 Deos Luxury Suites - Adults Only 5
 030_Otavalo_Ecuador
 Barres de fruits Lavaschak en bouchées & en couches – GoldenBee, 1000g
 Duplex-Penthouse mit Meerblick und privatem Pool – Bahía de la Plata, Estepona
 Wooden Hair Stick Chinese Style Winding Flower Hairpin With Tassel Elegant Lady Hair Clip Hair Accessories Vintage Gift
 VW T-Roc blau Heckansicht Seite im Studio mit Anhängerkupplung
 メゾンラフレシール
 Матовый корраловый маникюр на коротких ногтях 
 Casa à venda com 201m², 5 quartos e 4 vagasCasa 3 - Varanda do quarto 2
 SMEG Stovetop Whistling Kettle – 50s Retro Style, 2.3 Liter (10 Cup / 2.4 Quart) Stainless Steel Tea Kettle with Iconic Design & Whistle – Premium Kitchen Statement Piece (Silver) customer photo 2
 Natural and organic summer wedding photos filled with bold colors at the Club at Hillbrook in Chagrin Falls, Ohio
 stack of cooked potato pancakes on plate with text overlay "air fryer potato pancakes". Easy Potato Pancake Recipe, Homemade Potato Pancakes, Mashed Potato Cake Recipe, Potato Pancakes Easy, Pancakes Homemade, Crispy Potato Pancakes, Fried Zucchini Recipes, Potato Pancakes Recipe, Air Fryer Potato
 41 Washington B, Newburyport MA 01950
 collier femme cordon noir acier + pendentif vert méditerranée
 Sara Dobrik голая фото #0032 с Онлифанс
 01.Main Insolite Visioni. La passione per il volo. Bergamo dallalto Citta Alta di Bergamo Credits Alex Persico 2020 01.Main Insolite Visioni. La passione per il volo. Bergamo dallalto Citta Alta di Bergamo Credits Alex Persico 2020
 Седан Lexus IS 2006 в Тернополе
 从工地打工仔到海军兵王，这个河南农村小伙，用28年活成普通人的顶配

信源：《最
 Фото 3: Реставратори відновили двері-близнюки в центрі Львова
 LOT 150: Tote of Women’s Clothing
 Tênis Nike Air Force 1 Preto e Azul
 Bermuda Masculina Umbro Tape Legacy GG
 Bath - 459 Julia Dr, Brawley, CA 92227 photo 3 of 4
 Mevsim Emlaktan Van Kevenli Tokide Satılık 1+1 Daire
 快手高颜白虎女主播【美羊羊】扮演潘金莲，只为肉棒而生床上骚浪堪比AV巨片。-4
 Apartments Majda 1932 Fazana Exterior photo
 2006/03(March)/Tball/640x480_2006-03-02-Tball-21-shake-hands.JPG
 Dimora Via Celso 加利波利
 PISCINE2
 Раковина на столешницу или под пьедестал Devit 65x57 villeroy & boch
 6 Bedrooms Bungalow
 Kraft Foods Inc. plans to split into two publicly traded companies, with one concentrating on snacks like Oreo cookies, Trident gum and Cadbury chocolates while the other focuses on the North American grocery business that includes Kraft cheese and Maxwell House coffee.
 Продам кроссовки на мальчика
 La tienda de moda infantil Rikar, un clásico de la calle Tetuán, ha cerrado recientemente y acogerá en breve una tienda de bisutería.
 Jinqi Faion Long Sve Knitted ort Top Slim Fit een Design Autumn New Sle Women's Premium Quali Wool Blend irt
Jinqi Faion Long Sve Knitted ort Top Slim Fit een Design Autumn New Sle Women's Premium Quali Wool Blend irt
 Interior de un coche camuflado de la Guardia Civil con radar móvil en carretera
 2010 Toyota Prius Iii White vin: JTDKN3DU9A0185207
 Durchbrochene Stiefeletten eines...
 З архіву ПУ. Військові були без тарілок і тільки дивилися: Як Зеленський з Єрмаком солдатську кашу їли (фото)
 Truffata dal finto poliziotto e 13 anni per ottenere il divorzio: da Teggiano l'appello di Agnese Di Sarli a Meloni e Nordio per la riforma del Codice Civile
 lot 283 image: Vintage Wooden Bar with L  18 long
======
Would you please transcribe all of the entries above exactly?

 Deos Luxury Suites - Adults Only 5
 030_Otavalo_Ecuador
 Barres de fruits Lavaschak en bouchées & en couches – GoldenBee, 1000g
 Duplex-Penthouse mit Meerblick und privatem Pool – Bahía de la Plata, Estepona
 Wooden Hair Stick Chinese Style Winding Flower Hairpin With Tassel Elegant Lady Hair Clip Hair Accessories Vintage Gift
 VW T-Roc blau Heckansicht Seite im Studio mit Anhängerkupplung
 メゾンラフレシール
 Матовый корраловый маникюр на коротких ногтях 
 Casa à venda com 201m², 5 quartos e 4 vagasCasa 3 - Varanda do quarto 2
 SMEG Stovetop Whistling Kettle – 50s Retro Style, 2.3 Liter (10 Cup / 2.4 Quart) Stainless Steel Tea Kettle with Iconic Design & Whistle – Premium Kitchen Statement Piece (Silver) customer photo 2
 Natural and organic summer wedding photos filled with bold colors at the Club at Hillbrook in Chagrin Falls, Ohio
 stack of cooked potato pancakes on plate with text overlay "air fryer potato pancakes". Easy Potato Pancake Recipe, Homemade Potato Pancakes, Mashed Potato Cake Recipe, Potato Pancakes Easy, Pancakes Homemade, Crispy Potato Pancakes, Fried Zucchini Recipes, Potato Pancakes Recipe, Air Fryer Potato
 41 Washington B, Newburyport MA 01950
 collier femme cordon noir acier + pendentif vert méditerranée
 Sara Dobrik голая фото #0032 с Онлифанс
 01.Main Insolite Visioni. La passione per il volo. Bergamo dallalto Citta Alta di Bergamo Credits Alex Persico 2020 01.Main Insolite Visioni. La passione per il volo. Bergamo dallalto Citta Alta di Bergamo Credits Alex Persico 2020
 Седан Lexus IS 2006 в Тернополе
 从工地打工仔到海军兵王，这个河南农村小伙，用28年活成普通人的顶配

信源：《最
 Фото 3: Реставратори відновили двері-близнюки в центрі Львова
 LOT 150: Tote of Women’s Clothing
 Tênis Nike Air Force 1 Preto e Azul
 Bermuda Masculina Umbro Tape Legacy GG
 Bath - 459 Julia Dr, Brawley, CA 92227 photo 3 of 4
 Mevsim Emlaktan Van Kevenli Tokide Satılık 1+1 Daire
 快手高颜白虎女主播【美羊羊】扮演潘金莲，只为肉棒而生床上骚浪堪比AV巨片。-4
 Apartments Majda 1932 Fazana Exterior photo
 2006/03(March)/Tball/640x480_2006-03-02-Tball-21-shake-hands.JPG
 Dimora Via Celso 加利波利
 PISCINE2
 Раковина на столешницу или под пьедестал Devit 65x57 villeroy & boch
 6 Bedrooms Bungalow
 Kraft Foods Inc. plans to split into two publicly traded companies, with one concentrating on snacks like Oreo cookies, Trident gum and Cadbury chocolates while the other focuses on the North American grocery business that includes Kraft cheese and Maxwell House coffee.
 Продам кроссовки на мальчика
 La tienda de moda infantil Rikar, un clásico de la calle Tetuán, ha cerrado recientemente y acogerá en breve una tienda de bisutería.
 Jinqi Faion Long Sve Knitted ort Top Slim Fit een Design Autumn New Sle Women's Premium Quali Wool Blend irt
Jinqi Faion Long Sve Knitted ort Top Slim Fit een Design Autumn New Sle Women's Premium Quali Wool Blend irt
 Interior de un coche camuflado de la Guardia Civil con radar móvil en carretera
 2010 Toyota Prius Iii White vin: JTDKN3DU9A0185207
 Durchbrochene Stiefeletten eines...
 З архіву ПУ. Військові були без тарілок і тільки дивилися: Як Зеленський з Єрмаком солдатську кашу їли (фото)
 Truffata dal finto poliziotto e 13 anni per ottenere il divorzio: da Teggiano l'appello di Agnese Di Sarli a Meloni e Nordio per la riforma del Codice Civile
 lot 283 image: Vintage Wooden Bar with L  18 long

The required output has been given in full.